Two Li'l Indians for your viewing pleasure...


 Ron


----------



## capsoda (Jun 6, 2007)

WoW, Those things are clean!!! Very nice Ron.


----------



## bearswede (Jun 6, 2007)

Dr. W. H. Long's Great Indian Pain Cure...


----------



## bearswede (Jun 6, 2007)

Johnson's (that's me) Indian Dyspeptic Bitters...


----------



## bearswede (Jun 6, 2007)

Side...


----------



## bearswede (Jun 6, 2007)

This little beauty does have a small crack, bottom back, deriving from a most spectacular and rare pontil... A combination pontil where a huge scar was formed with iron residue remaining inside the scar...


----------



## cobaltbot (Jun 6, 2007)

Both nice, really like the Johnsons.


----------



## Jim (Jun 6, 2007)

Sweet bottles, Ron. Must be nice to have a killer bitters with your name on it []. ~Jim


----------



## bearswede (Jun 7, 2007)

> Great Indian Pain Cure...


 Matt lists a "...Great Indian Pain Killer" in his guide and that's probably the one I was thinking of when I bid on this one... Does anyone have any info on the "Cure" example?

 Thanks,

 Ron


----------



## BRIAN S. (Jun 9, 2007)

Ron  
http://cgi.ebay.com/Dr-Longs-Great-Indian-Pain-Cure-Embossed-Cure-Bottle_W0QQitemZ130119595238QQihZ003QQcategoryZ895QQssPageNameZWDVWQQrdZ1QQcmdZViewItem

 Is this yours ?


----------



## bearswede (Jun 9, 2007)

> Is this yours ?


 
 Not the exact same bottle, but it looks as tho they both came out of the same mold...

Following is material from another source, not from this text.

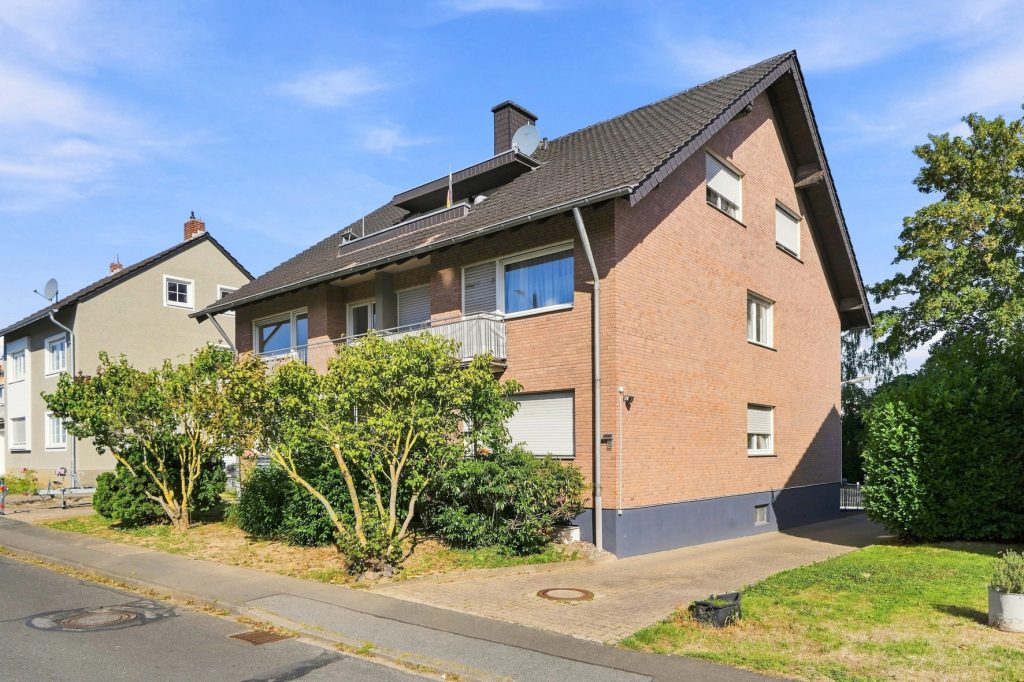 Gütelhöfer Immobilien - Immobilienangebot - Bornheim - Alle - Gepflegte 3-Zimmer Hochparterrewohnung mit Balkon, Garage in Bornheim / Kardorf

 Thanks for the link, Brian...


 Ron


----------



## BRIAN S. (Jun 9, 2007)

Why I had the link is because I had planned on placing a bid on it . 
 But , it went higher than I had expected .....and I really didn't need it that bad . 
 Cool bottle though !  It has a lot going for it ...... Cure and Indian embossed on it . If it was only pontiled and colored . LOL


----------



## BRIAN S. (Jun 9, 2007)

Here's the only embossed with Indian in my collection .
 A common bottle ..... but I still like it !  S.B. GOFF'S


----------